FastTimerServiceClient seemed to be taking a lot of time so I had a quick look.

It was quickly established that all the time was spent in TAxis::SetBinLabel https://root.cern.ch/doc/v616/TAxis_8cxx_source.html#l00809, specifically THashList::Rehash

I then had a quick look at FastTimerServiceClient and noticed its remaking the histograms every lumisection
https://github.com/cms-sw/cmssw/blob/master/HLTrigger/Timer/plugins/FastTimerServiceClient.cc#L95

I'm not entirely clear why it does it and I didnt spend any time to understand it. Perhaps experts could comment, I have no idea how DQM lumi plots work. It would be ideal if we could move that call to just end job if possible and experts agree.

However what it is doing is resetting the bin labels on each histogram each time. This is a very expensive operation so I put a simple check to see if the bin label is already set to that value before changing it. Honestly this should be inside TAxis::SetBinLabel ...

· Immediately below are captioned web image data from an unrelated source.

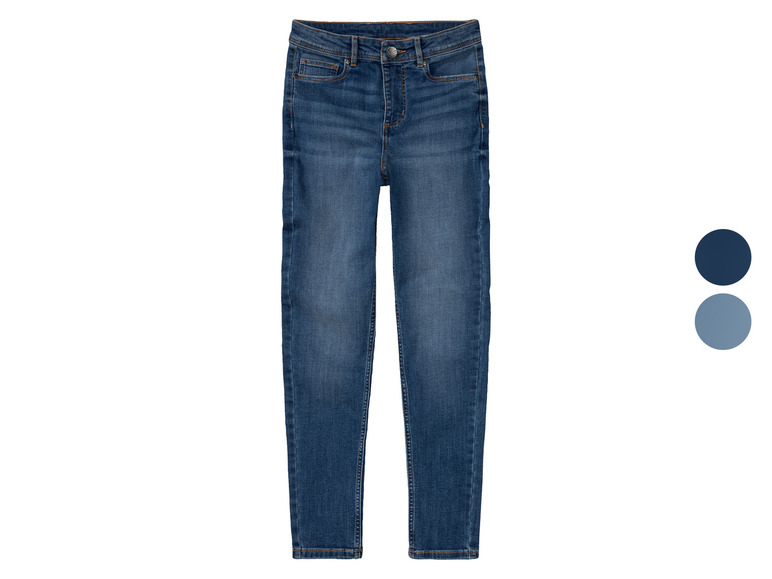 Donkerblauwe skinny jeans voor dames.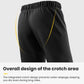 Black motorcycle rain suit pants with elastic waistband and yellow seam piping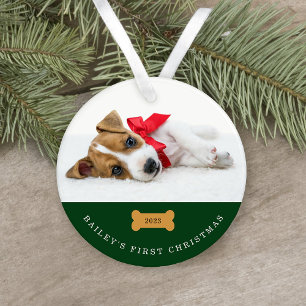 Je hond is de eerste kerst Groen met twee foto's Ornament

On my cern PC it goes from taking 14mins to 4mins for a file which only has a single lumisection. It'll be bigger gains for multi lumisection files.

@fwyzard

PR validation:

labels are still being set on my test workflow

@Sam-Harper Sam-Harper force-pushed the SetBinLabelFixes_1220pre2 branch from 54e6015 to b175820 Compare December 1, 2021 09:56
@cmsbuild
Copy link
Contributor

cmsbuild commented Dec 1, 2021

-code-checks

Logs: https://cmssdt.cern.ch/SDT/code-checks/cms-sw-PR-36313/27050

  • This PR adds an extra 24KB to repository

Code check has found code style and quality issues which could be resolved by applying following patch(s)

@Sam-Harper
Copy link
Contributor Author

@cmsbuild please test

@cmsbuild
Copy link
Contributor

cmsbuild commented Dec 1, 2021

+code-checks

Logs: https://cmssdt.cern.ch/SDT/code-checks/cms-sw-PR-36313/27051

  • This PR adds an extra 24KB to repository

@cmsbuild
Copy link
Contributor

cmsbuild commented Dec 1, 2021

A new Pull Request was created by @Sam-Harper (Sam Harper) for master.

It involves the following packages:

  • DQMServices/Core (dqm)
  • HLTrigger/Timer (hlt)

@emanueleusai, @ahmad3213, @Martin-Grunewald, @missirol, @jfernan2, @pmandrik, @pbo0, @rvenditti can you please review it and eventually sign? Thanks.
@Martin-Grunewald, @missirol, @silviodonato, @barvic this is something you requested to watch as well.
@perrotta, @dpiparo, @qliphy you are the release manager for this.

cms-bot commands are listed here

@fwyzard
Copy link
Contributor

fwyzard commented Dec 1, 2021

@Sam-Harper thanks for investigating the slowdown and for suggesting a workaround.

I'm confused as well as to why the histograms need to be recreated or re-set every lumisection, and clearly such slowdown was not there when the client was initially written, one or to DQM migrations ago.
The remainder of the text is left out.